** Data shown follows **
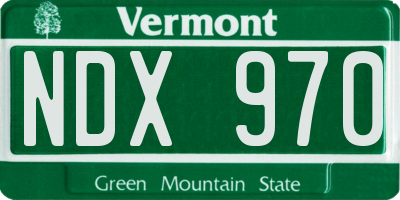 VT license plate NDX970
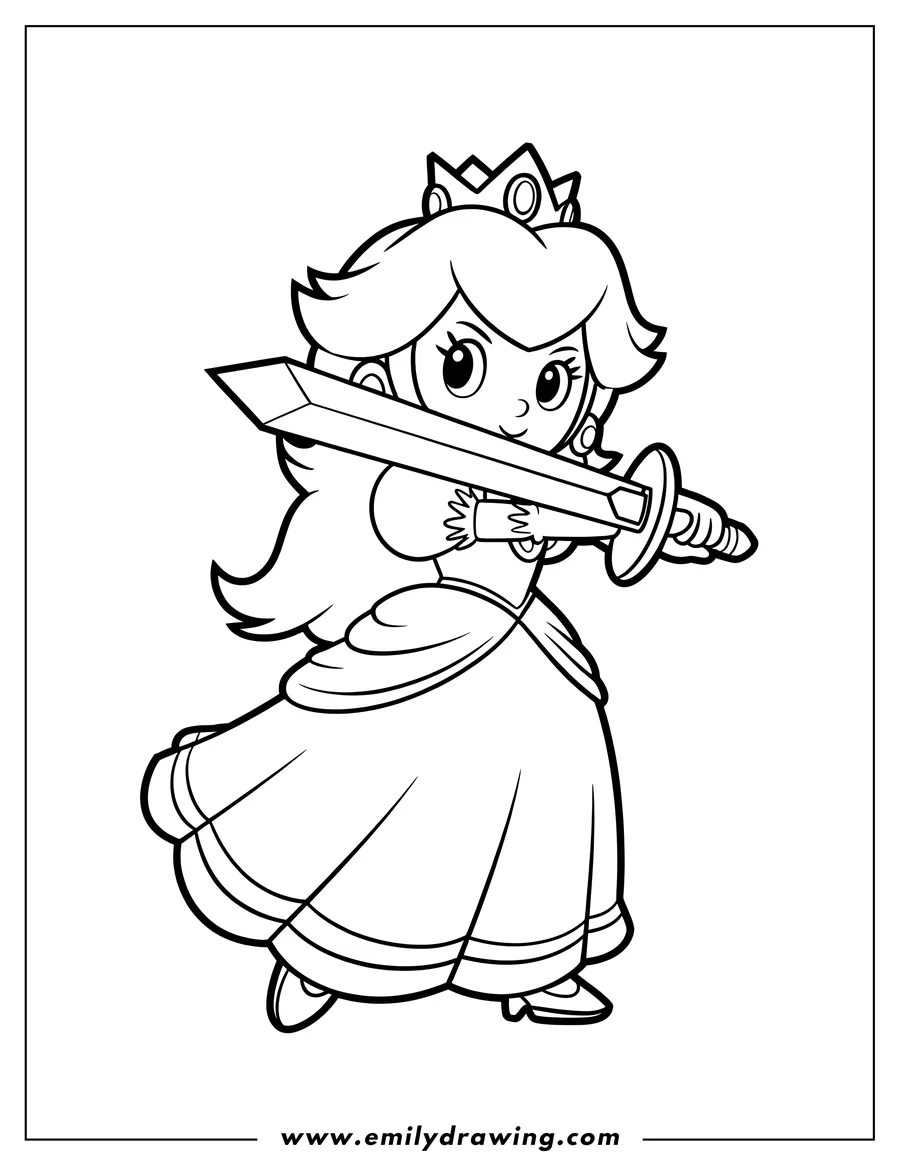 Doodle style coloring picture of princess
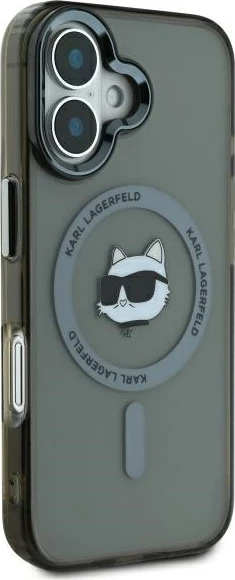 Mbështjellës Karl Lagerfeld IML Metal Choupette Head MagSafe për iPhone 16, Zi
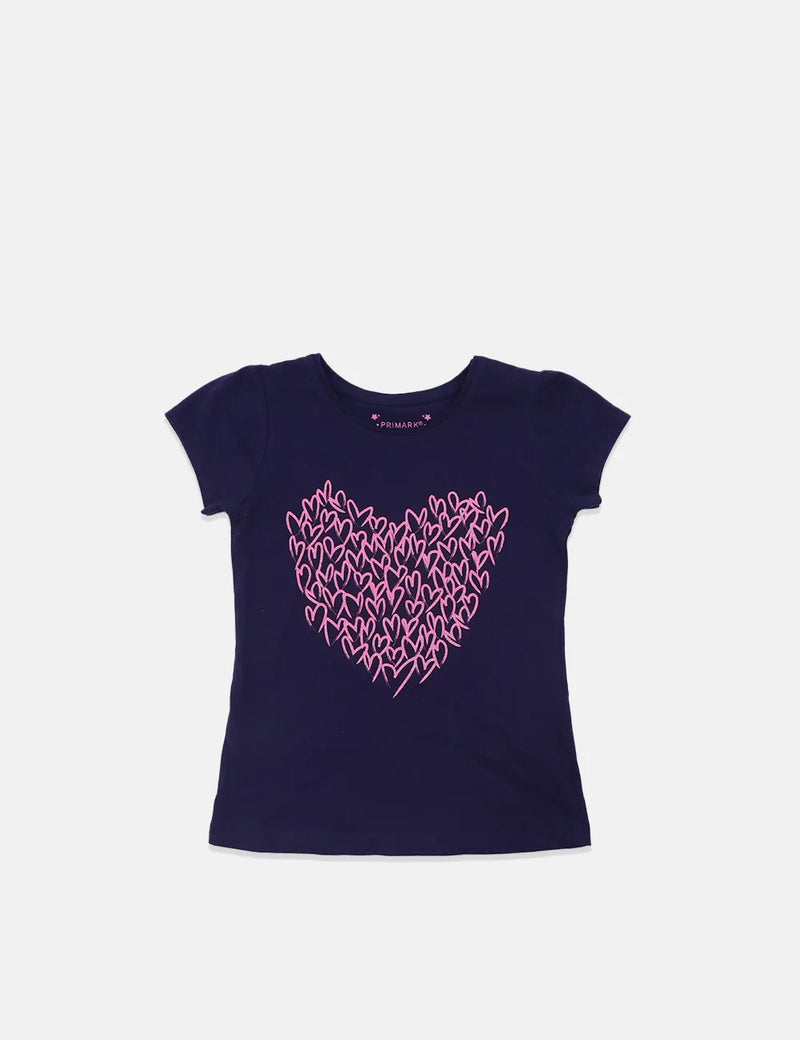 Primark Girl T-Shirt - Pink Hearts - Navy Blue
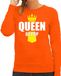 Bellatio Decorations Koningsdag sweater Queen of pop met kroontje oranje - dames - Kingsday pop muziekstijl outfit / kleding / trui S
** End of Data shown **
** Data shown follows **
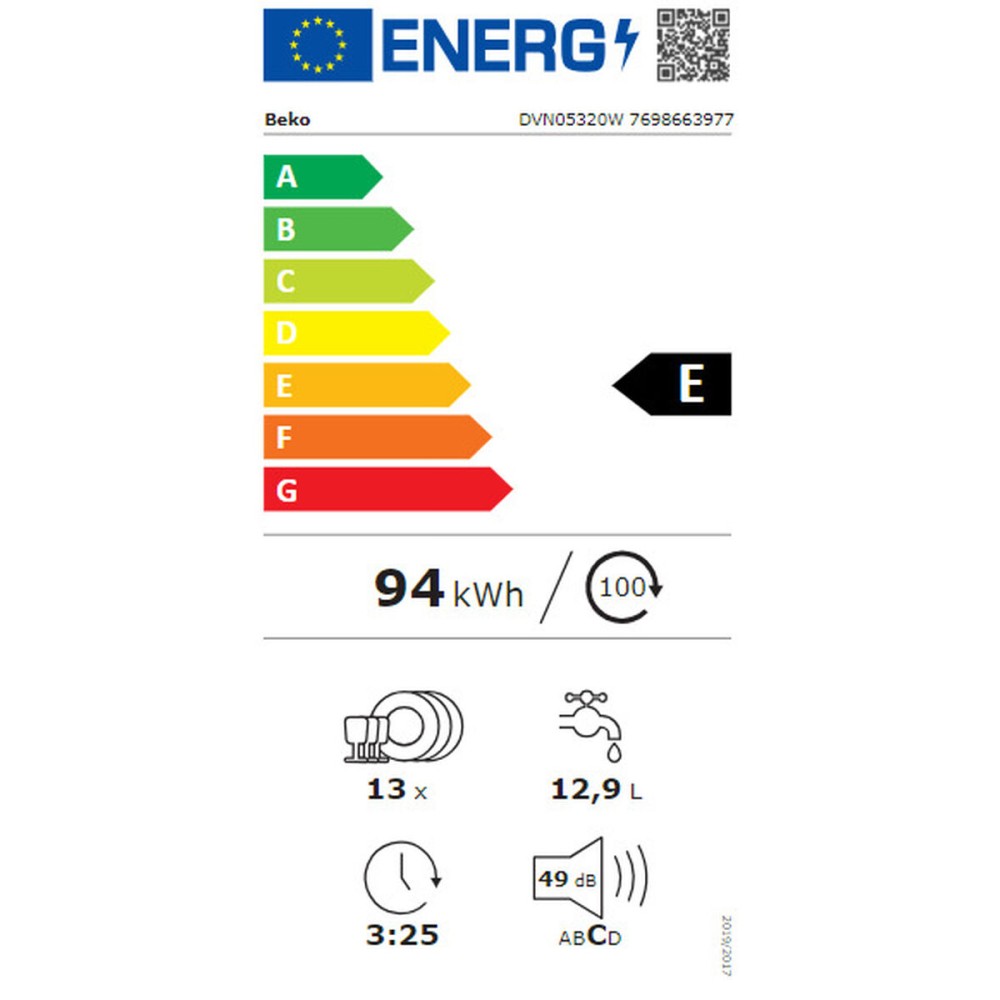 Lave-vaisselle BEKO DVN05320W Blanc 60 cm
** End of Data shown **
** Data shown follows **
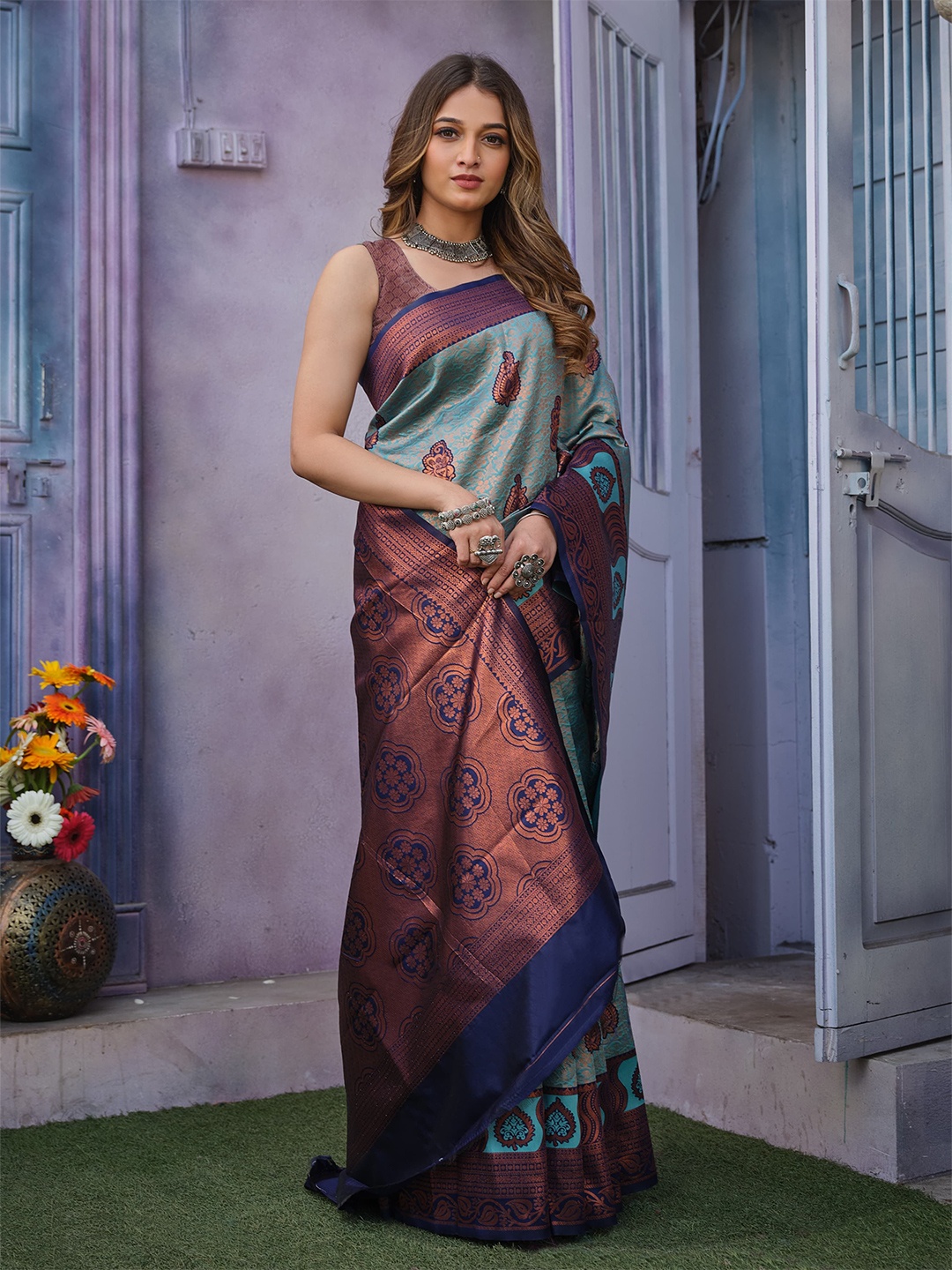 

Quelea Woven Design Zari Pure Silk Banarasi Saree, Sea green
** End of Data shown **
- Exercise instructions -
Please copy out from the data above, without any picture, exactly the lines running from the one that holds "Mbështjellës Karl Lagerfeld" through the one that holds "Bellatio Decorations Koningsdag", and nothing beyond them.

- Output -
 Mbështjellës Karl Lagerfeld IML Metal Choupette Head MagSafe për iPhone 16, Zi
 Primark Girl T-Shirt - Pink Hearts - Navy Blue
 Bellatio Decorations Koningsdag sweater Queen of pop met kroontje oranje - dames - Kingsday pop muziekstijl outfit / kleding / trui S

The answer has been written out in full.